Aslında tarih de, biyografi de başlı başına birer ilim alanı değildir. Bugün tarih dediğimiz alan hemen sadece siyasî, kısmen de sosyal tarihle sınırlıdır. Hâlbuki bunun dışında sanat tarihi, fel­sefe tarihi, tıp tarihi, edebiyat tarihi gibi alanların birbiriyle ve asıl tarihle ilgisi, yani orta tarafları, sadece hemen hepsinin araştırma alanlarının kronoloji dediğimiz zaman çizgisi üzerinde yoğunlaşma­larıdır. Biyografi de öyledir. Bütün biyografilerin ortak alanı kişinin doğum ve ölüm arasındaki kronolojik hikâyesidir. Böylece tarihi ve biyografiyi aynı çizgiye yerleştiren faktörün de kronoloji olduğu görülüyor. Kısa ve yalın bir tarifle, ilki bir dönemin ve o dönemde­ki olayların, bir devletin veya devletlerarası ilişkilerin kronolojisi, İkincisi ferdin kronolojisidir.

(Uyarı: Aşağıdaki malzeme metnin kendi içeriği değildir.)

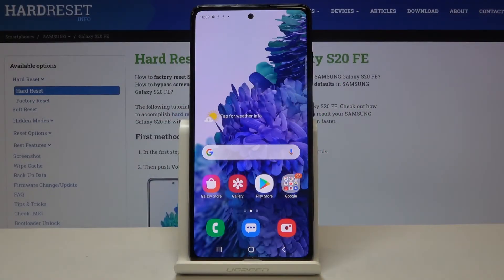Hi everyone! Here we've got Samsung Galaxy S20 FE and let me show you how to close all running apps on this device.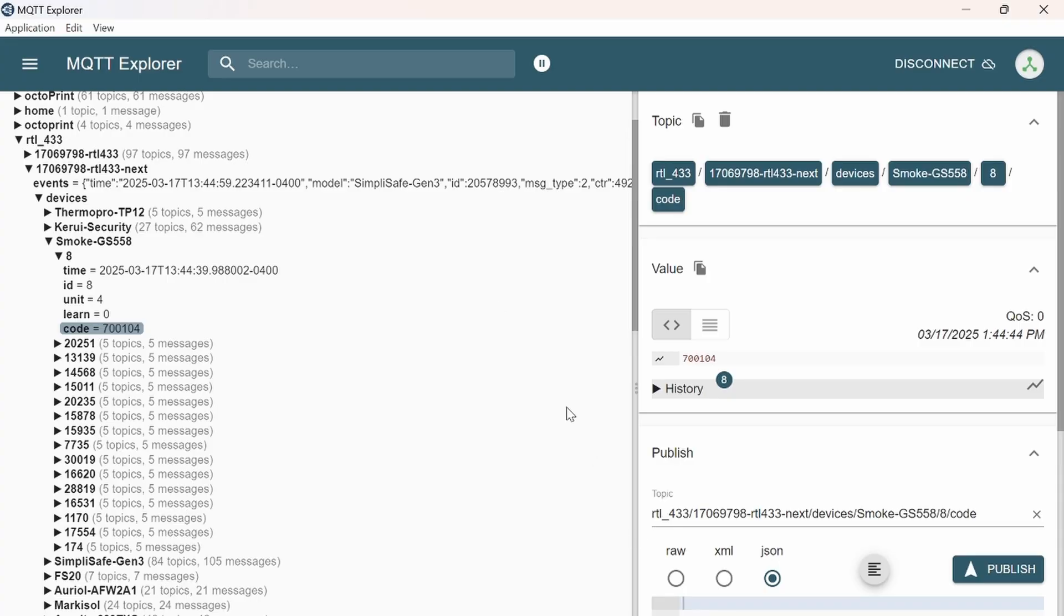If you want, we can use the MQTT Explorer and view the code this way. And here we go.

Sanat tarihi, felsefe tarihi, edebiyat tarihi gibi bilgilerin, bu alanların eğitiminin yapıldığı bölümlerde, programın önemli bir parçası olarak verildiğini biliyoruz. Tıp tarihinin ise tıp fakültele­rinin sadece bazılarında, ihtiyaç veya imkân seviyesinde eğitimi yapılmaktadır. Buna mukabil sosyal-beşerî ve pozitif bilim öğreti­mi yapan fakülte ve bölümlerde o alanların “bilim tarihi” ciddi bir disiplin olarak düşünülmemiştir. Belki böyle bir dersin içinde düşü­nülebilecek olan biyografi de öyledir. Bizden önce yaşamış, kültür, sanat ve medeniyet hamuruna bir maya katmış insanları tanımak, hem ilmî tecessüsümüzün gereğidir, hem de mesleğimiz için ihmal edilmemesi gereken vicdanî bir borçtur. Burada meselâ bir tarihçi için, tarihî şahsiyetler kadar, tarihçilerin biyografilerine de ilgisiz kalmamalarını kastediyorum. Diğer bilim alanları için de.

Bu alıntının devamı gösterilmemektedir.